Человеческое сознание (или подсознание) такой фатализм не устраивает, и оно получило неожиданную поддержку со стороны новой физической теории – квантовой механики, зародившейся одновременно с теорией относительности. Время в ней отделено от пространства, как в классической механике, однако пространство не рассматривается как классическое. Поэтому в квантовой механике нет векторов, хотя расстояние и энергия остались.

Понятие физической величины также подверглось глубокому пересмотру, даже краткое изложение которого здесь неуместно. Фундаментальное отличие квантомеханических величин состоит в том, что не любая их пара допускает точное совместное измерение: чем точнее измерена одна, тем неопределенней останется другая. Такую пару составляют, например, координата и импульс. С другой стороны, нет нужды измерять все соизмеримые друг с другом величины: они являются функциями одной из них.

Странно, что время в квантовой механике является … не квантомеханической величиной, а внешним параметром, как в классической механике (по крайней мере, я не смог получить полного разъяснения от знакомого физика, доктора наук). Это вдвойне странно потому, что пару «энергия – время» подозревают в такой же несоизмеримости, как у пары «координата – импульс». Впрочем, единого мнения о том, что конкретно следует понимать под несоизмеримостью энергии и времени, также нет. 

Самый главный тезис квантовой механики принадлежит философии не менее, чем физике. Он гласит: наблюдение меняет наблюдаемое. Для физика это означает, что любое измерение объекта характеризует не объект «сам по себе», а пару «объект – измеритель».
Что означает этот тезис для философии, мог бы сказать великий философ Г. Гегель, но он творил веком ранее новой физики. Один из наших современных историков, отвечая на вопрос: является ли факт основным в его работе, сказал: первична точка зрения на факт.

Философская система Гегеля не менее сложна, чем квантовая механика, и не менее охватывает мироздание, чем космология, но ее значение для естественных и точных наук еще не оценено в должной мере. Может быть, достаточно трудно понять и принять гегелевское «тождество бытия и  мышления», но тезис «Истина – это не отчеканенная монета, которую можно положить в карман» вполне ясен: истина – процесс, а не результат. Читатель, получивший высшее образование в Советском Союзе, косвенно соприкасался с мыслью Гегеля, когда изучал «Три источника и три составные части марксизма».
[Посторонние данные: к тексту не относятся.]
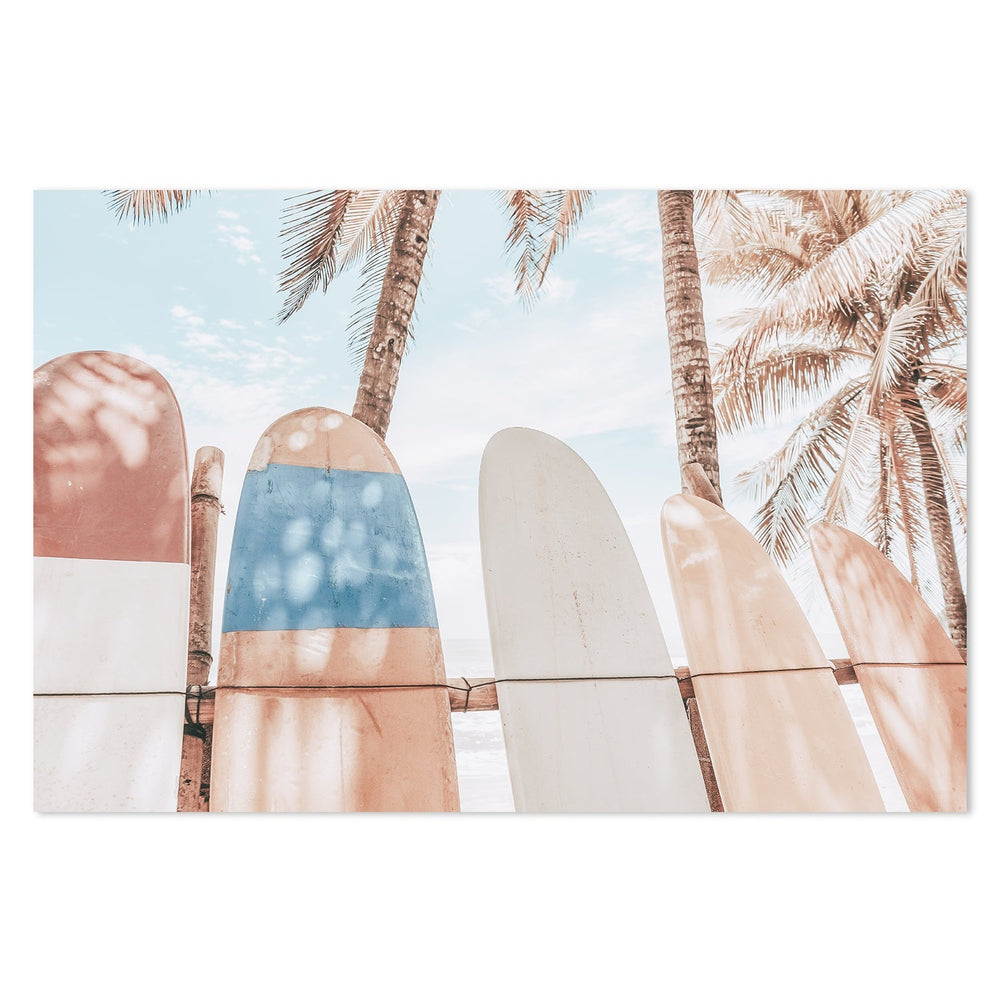 Buy Surfboards And Palm Trees Wall Art Online, Framed Canvas Or Poster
Далее, из существующей квантомеханической картины мира никак не следует трехмерность нашего видимого мира: если бы он имел любую другую размерность, квантовая теория была бы той же самой. Другими словами, размерность пространства также не является квантомеханической величиной, и трудно сказать, какой может быть «классическая механика» одномерного или десятимерного пространства. А если время не является квантомеханической величиной, почему оно одномерно?

Проблемы с размерностью подтверждаются и со стороны космологии, исследующей совсем другие масштабы пространства и времени. Наиболее известные ее гипотезы – о Большом Взрыве и разбегании галактик – сегодня подвергаются сомнению, в частности, из-за отсутствия центра разбегания и «игнорирования» галактиками закона всемирного тяготения. Действительно, откуда мог взяться этот центр, если в момент Взрыва пространства (как и времени) еще не было?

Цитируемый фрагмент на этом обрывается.